- **Your goal**: The whole listing that follows should be printed again, unchanged.

- **Data excerpt**:
* * * * *

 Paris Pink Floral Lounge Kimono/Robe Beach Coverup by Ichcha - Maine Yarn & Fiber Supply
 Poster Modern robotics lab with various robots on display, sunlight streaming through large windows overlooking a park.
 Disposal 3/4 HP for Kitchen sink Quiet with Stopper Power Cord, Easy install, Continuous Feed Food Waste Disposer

* * * * *

- **Completed exercise**:
 Paris Pink Floral Lounge Kimono/Robe Beach Coverup by Ichcha - Maine Yarn & Fiber Supply
 Poster Modern robotics lab with various robots on display, sunlight streaming through large windows overlooking a park.
 Disposal 3/4 HP for Kitchen sink Quiet with Stopper Power Cord, Easy install, Continuous Feed Food Waste Disposer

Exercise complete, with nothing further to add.